Литмир - Электронная Библиотека
A
A

— Итак, военными базами интересовался лично кардинал Спеллман?

— Я говорил, что он интересовался военнослужащими, а не базами.

— Кардинал Спеллман давал свое благословение тем, кто участвовал в шпионских операциях?

— Он был видным священнослужителем. Думаю, он не размышлял слишком много над тем, чем занимается тот или иной человек, а скорее, над тем, что он из себя представляет.

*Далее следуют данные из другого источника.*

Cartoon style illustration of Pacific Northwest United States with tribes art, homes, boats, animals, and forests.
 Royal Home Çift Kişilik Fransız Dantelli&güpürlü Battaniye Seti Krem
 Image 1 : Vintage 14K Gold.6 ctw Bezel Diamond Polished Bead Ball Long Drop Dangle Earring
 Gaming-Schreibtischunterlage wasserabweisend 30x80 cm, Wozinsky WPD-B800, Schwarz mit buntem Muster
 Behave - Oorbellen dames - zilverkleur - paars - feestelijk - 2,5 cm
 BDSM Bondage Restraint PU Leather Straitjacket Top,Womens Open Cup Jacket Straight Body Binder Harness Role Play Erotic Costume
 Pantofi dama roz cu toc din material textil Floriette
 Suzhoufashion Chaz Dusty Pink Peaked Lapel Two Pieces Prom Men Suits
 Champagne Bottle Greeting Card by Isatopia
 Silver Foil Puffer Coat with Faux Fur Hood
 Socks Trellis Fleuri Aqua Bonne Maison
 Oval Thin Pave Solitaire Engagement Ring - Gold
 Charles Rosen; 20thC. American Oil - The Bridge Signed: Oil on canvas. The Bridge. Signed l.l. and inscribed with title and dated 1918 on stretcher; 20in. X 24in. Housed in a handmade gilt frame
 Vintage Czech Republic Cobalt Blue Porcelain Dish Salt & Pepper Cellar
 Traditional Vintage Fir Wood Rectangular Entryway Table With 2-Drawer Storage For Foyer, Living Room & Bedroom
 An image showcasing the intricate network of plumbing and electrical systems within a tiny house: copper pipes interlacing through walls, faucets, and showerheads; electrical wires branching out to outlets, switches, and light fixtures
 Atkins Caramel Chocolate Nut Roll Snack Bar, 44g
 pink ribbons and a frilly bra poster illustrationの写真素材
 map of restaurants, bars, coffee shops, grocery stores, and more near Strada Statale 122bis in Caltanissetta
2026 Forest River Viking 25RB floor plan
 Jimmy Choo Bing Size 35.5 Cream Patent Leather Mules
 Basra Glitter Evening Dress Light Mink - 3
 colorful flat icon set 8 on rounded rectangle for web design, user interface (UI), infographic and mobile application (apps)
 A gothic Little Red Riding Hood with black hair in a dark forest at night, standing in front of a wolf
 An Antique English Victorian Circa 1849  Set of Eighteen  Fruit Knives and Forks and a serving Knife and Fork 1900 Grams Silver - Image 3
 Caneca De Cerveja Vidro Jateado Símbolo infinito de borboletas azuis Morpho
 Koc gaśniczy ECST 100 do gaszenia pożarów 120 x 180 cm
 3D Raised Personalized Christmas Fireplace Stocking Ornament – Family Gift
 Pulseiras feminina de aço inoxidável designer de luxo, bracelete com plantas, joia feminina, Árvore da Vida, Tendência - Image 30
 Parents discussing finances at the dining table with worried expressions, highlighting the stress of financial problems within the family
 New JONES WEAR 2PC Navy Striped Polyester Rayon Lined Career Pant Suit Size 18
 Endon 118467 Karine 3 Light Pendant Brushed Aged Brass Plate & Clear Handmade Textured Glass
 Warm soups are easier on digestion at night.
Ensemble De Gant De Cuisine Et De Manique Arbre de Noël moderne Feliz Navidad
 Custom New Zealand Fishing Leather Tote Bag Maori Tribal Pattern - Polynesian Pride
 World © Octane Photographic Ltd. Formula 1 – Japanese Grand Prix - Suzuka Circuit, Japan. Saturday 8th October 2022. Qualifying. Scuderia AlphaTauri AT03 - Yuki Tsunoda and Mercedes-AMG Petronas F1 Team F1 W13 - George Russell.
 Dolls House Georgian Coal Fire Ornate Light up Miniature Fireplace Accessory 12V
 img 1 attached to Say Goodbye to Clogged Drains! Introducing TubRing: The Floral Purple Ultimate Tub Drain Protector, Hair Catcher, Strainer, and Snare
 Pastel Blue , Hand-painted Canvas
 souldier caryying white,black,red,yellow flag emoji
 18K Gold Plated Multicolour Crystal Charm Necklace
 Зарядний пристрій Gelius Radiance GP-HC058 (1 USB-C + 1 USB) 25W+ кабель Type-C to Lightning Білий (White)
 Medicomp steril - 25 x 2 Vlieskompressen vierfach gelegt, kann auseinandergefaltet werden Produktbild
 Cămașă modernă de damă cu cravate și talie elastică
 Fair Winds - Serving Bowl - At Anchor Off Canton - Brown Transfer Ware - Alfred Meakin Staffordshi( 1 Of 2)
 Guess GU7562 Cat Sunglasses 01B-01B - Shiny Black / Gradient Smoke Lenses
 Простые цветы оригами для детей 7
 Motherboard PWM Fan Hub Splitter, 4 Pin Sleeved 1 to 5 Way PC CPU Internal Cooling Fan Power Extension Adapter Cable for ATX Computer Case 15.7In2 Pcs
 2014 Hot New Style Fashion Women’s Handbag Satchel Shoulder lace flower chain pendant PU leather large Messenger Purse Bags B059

После целого ряда вопросов, в ходе которых было установлено, что, несмотря на наличие у меня удостоверения, указывающего на мою принадлежность к НАСА, я не имею к этой организации никакого отношения, председательствующий объявил перерыв «до дневного заседания».

Из зала меня провели в хорошо обставленную приемную. Здесь стояла кушетка, на которой я мог при желании отдохнуть. Меня ждал завтрак: свежие фрукты, которых я не видел с тех пор, как оказался в России, бананы и ломоть арбуза.

На стуле лежал журнал «Нью тайм». Он издавался в Москве на английском языке и был явной имитацией «Тайма». Я стал листать его в надежде отыскать какие-нибудь сообщения из внешнего мира, но один из охранников через переводчика велел мне отложить журнал.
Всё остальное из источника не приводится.